**DATASET EXTRACT:**
- Opening Delimiter -
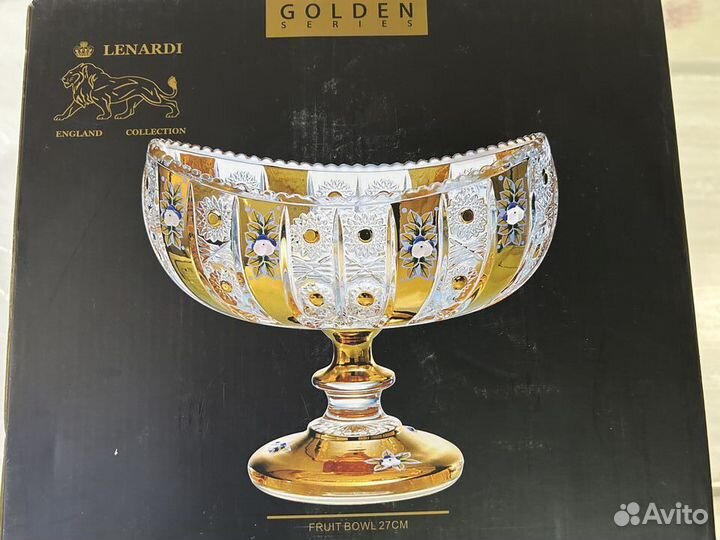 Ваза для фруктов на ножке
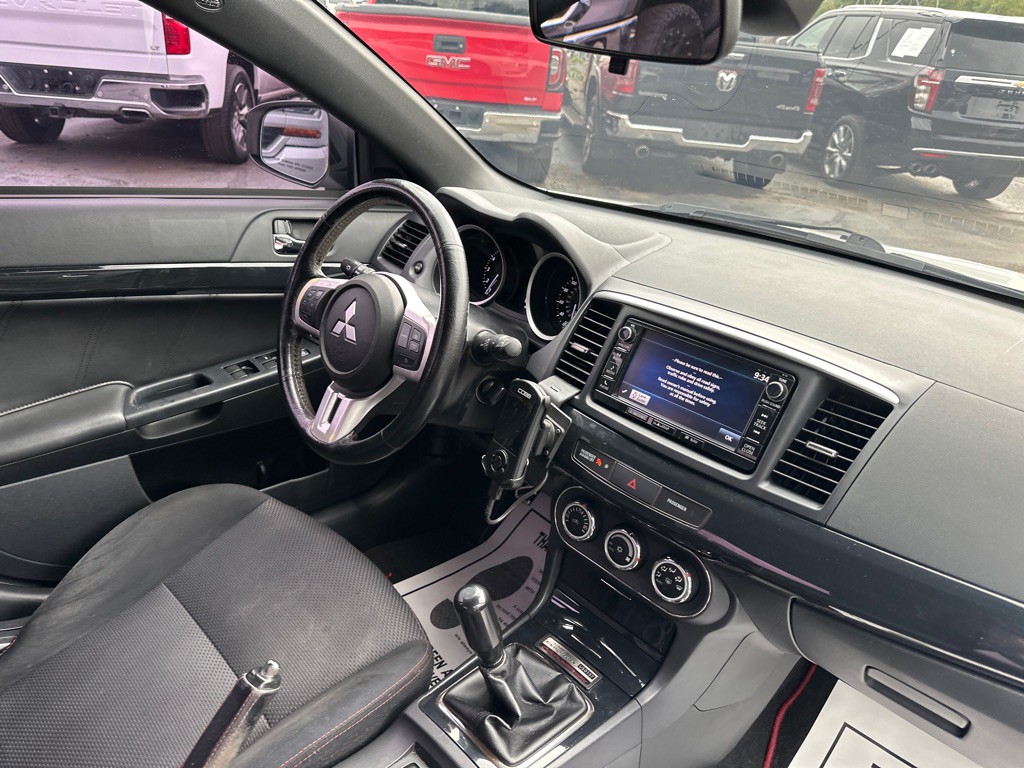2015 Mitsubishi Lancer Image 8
- Closing Delimiter -
- Opening Delimiter -
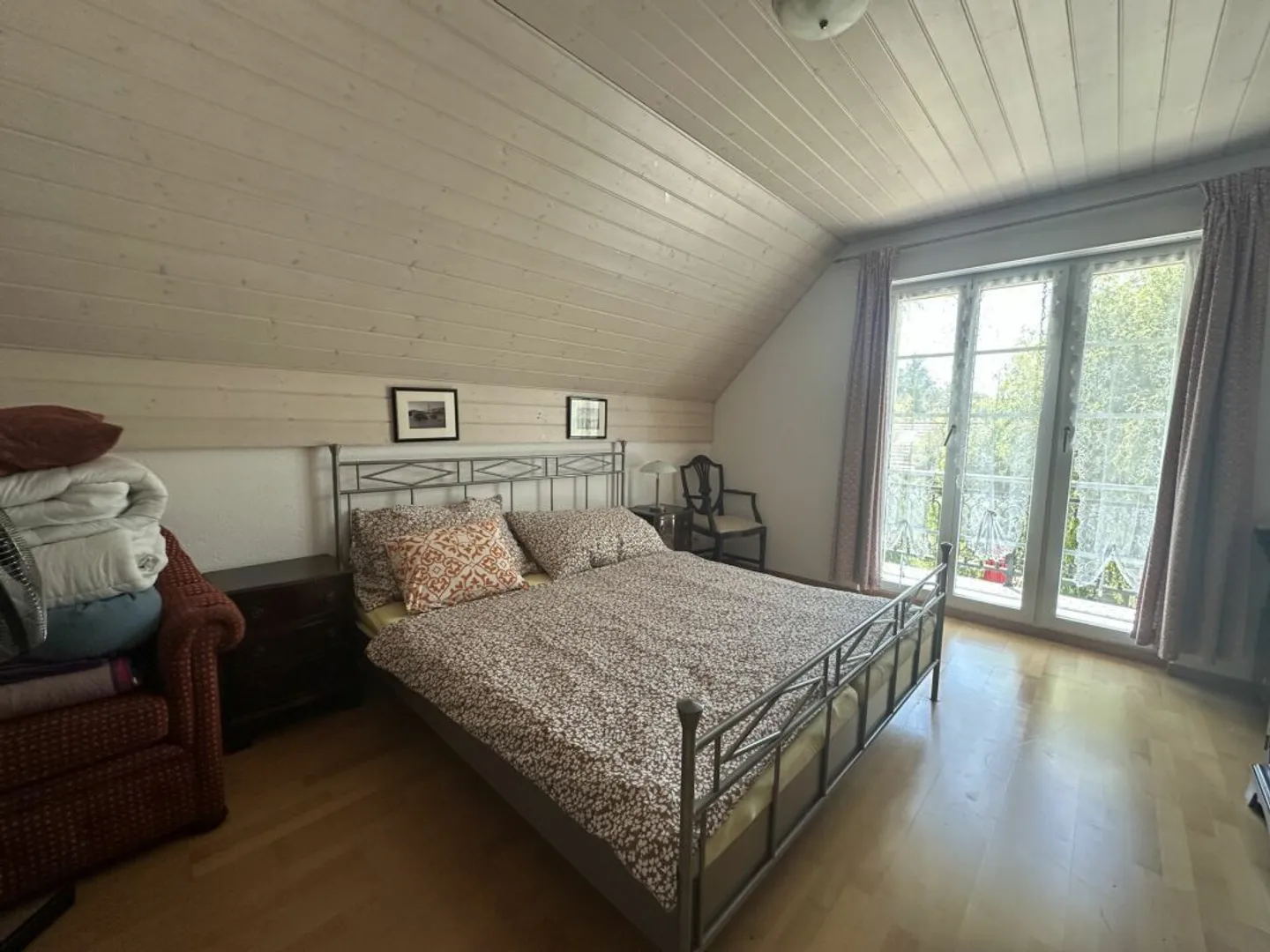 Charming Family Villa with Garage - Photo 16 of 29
- Closing Delimiter -
- Opening Delimiter -
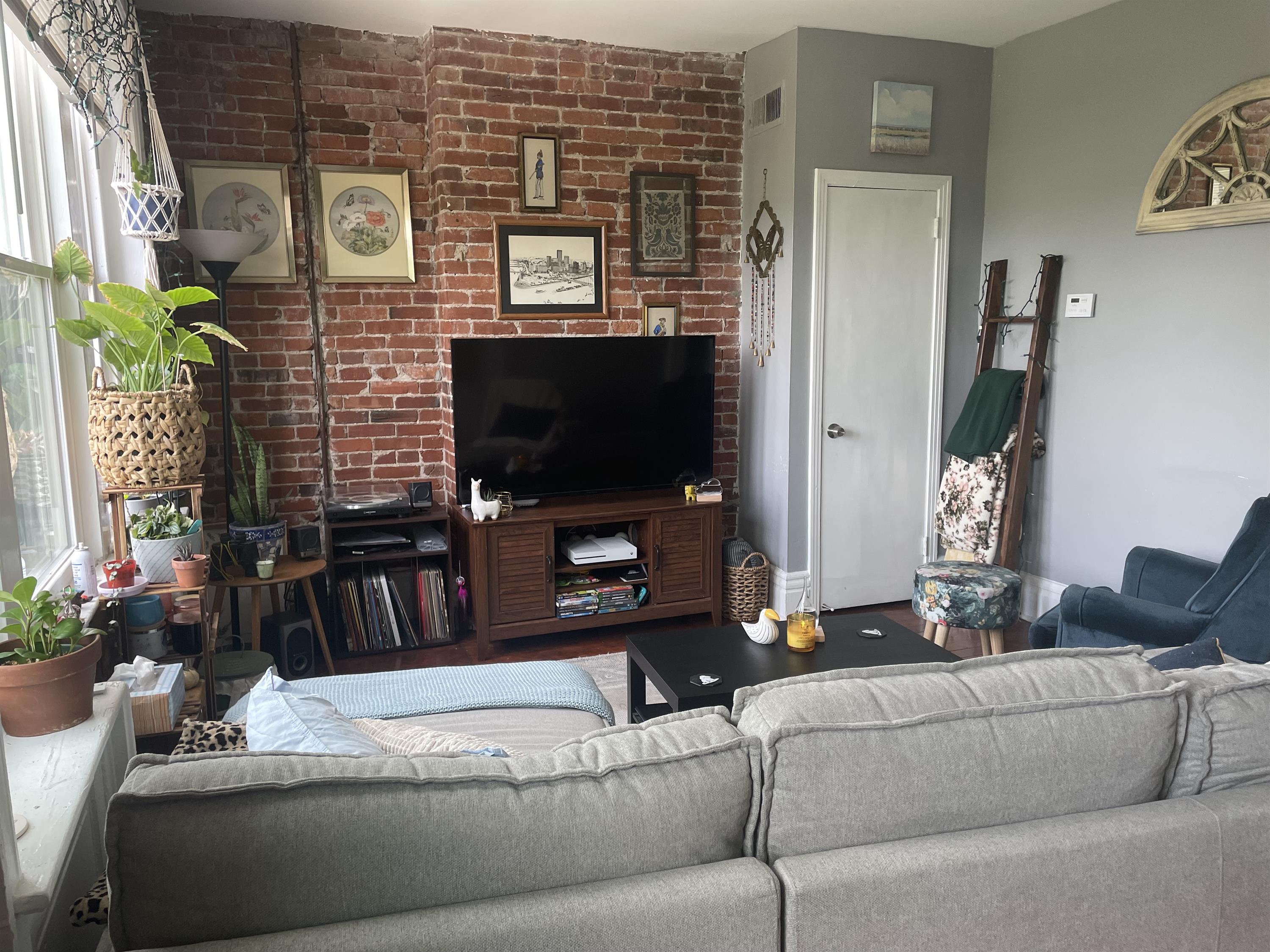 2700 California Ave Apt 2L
- Closing Delimiter -
**DIRECTIONS:** Beginning with the line that contains "Ваза для фруктов на ножке" and ending with the line that contains "2015 Mitsubishi Lancer Image 8", reproduce the listing exactly, pictures excluded.

**OUTPUT:**
 Ваза для фруктов на ножке
2015 Mitsubishi Lancer Image 8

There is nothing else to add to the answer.